--- Work request ---
Would you transcribe each entry exactly as it stands, omitting the pictures?

*** Study material

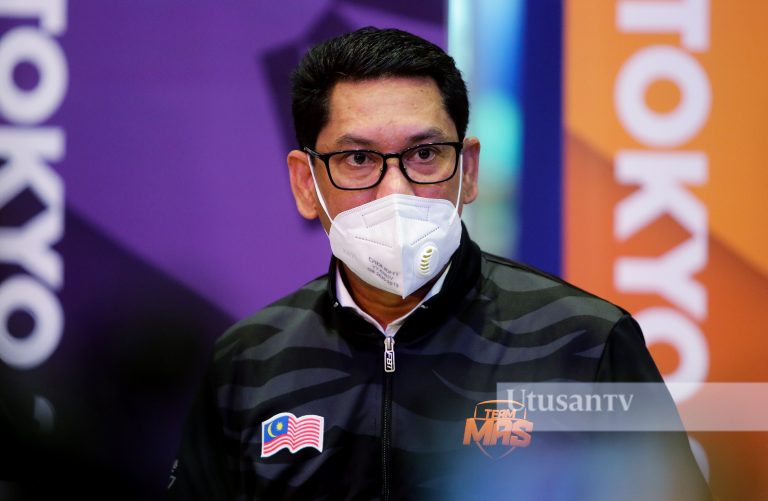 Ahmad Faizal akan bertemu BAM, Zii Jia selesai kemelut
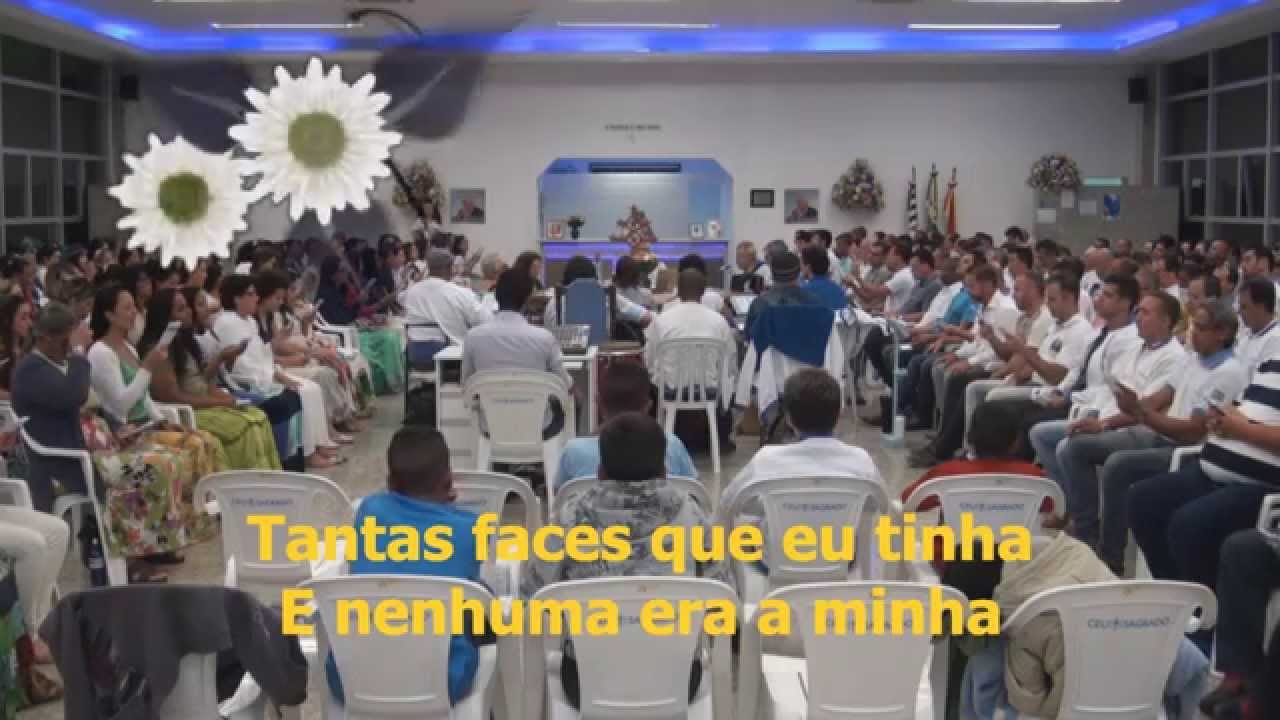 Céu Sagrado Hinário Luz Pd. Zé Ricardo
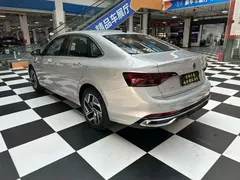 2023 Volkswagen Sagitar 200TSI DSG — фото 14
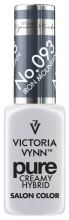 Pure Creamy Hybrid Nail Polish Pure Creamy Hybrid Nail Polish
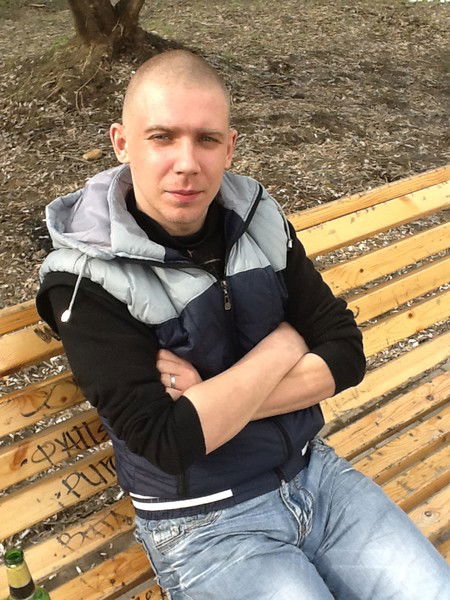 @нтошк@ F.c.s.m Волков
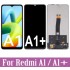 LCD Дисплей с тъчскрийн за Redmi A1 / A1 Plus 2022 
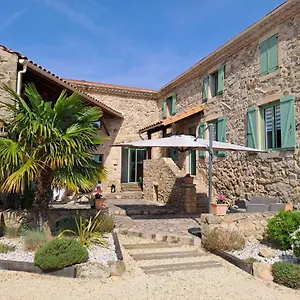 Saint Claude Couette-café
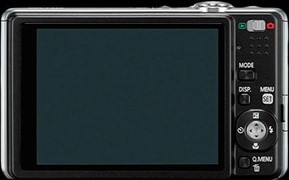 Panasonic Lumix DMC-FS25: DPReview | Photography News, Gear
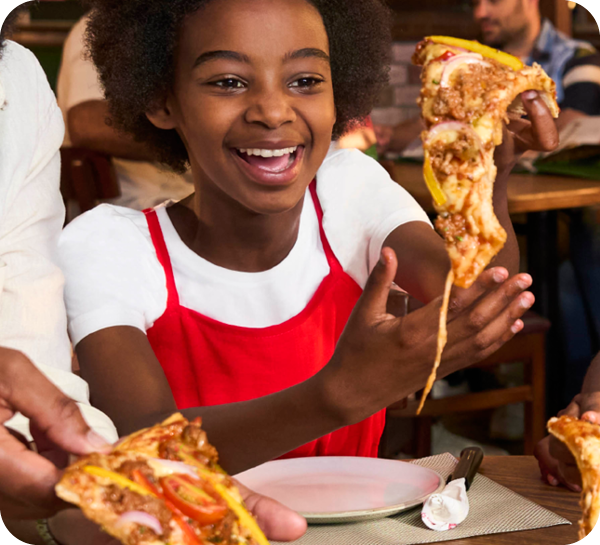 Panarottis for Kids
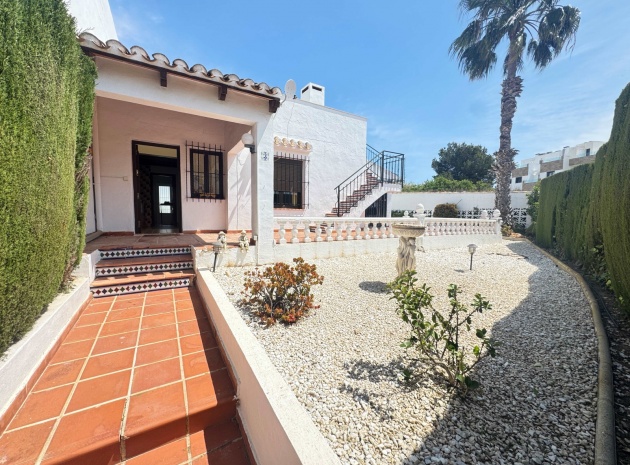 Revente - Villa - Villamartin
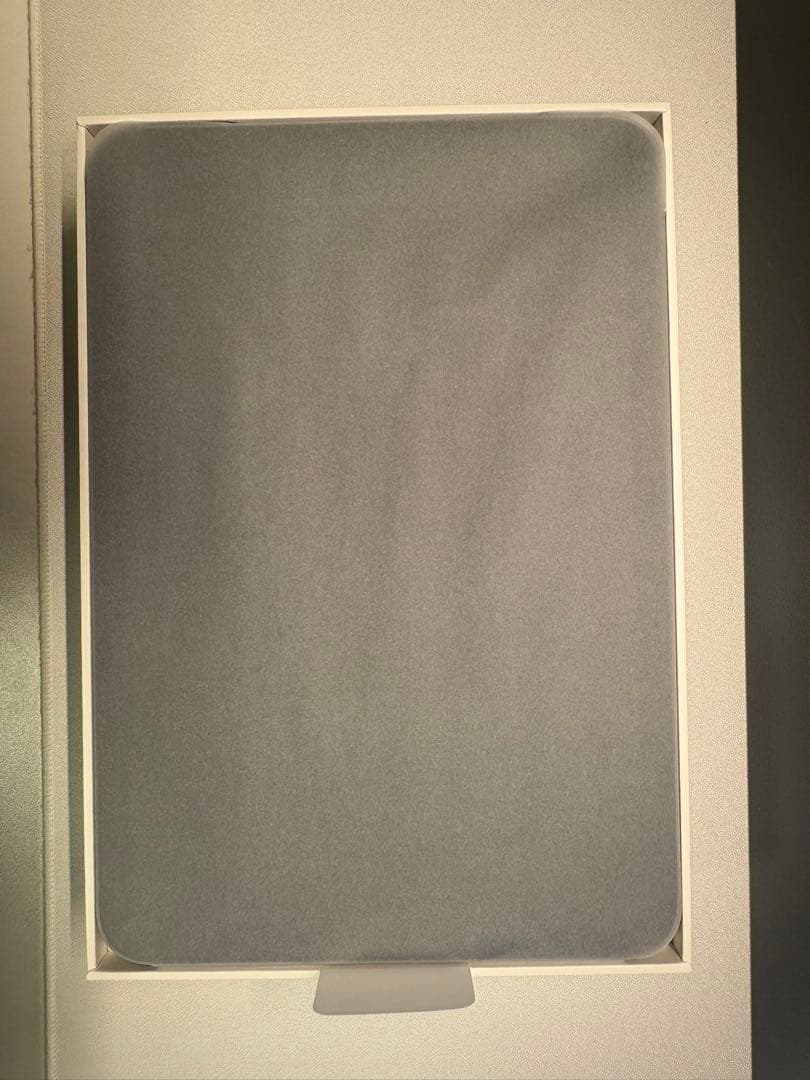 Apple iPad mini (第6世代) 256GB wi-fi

******

--- Worked solution ---
 Ahmad Faizal akan bertemu BAM, Zii Jia selesai kemelut
 Céu Sagrado Hinário Luz Pd. Zé Ricardo
 2023 Volkswagen Sagitar 200TSI DSG — фото 14
 Pure Creamy Hybrid Nail Polish Pure Creamy Hybrid Nail Polish
 @нтошк@ F.c.s.m Волков
 LCD Дисплей с тъчскрийн за Redmi A1 / A1 Plus 2022 
 Saint Claude Couette-café
 Panasonic Lumix DMC-FS25: DPReview | Photography News, Gear
 Panarottis for Kids
 Revente - Villa - Villamartin
 Apple iPad mini (第6世代) 256GB wi-fi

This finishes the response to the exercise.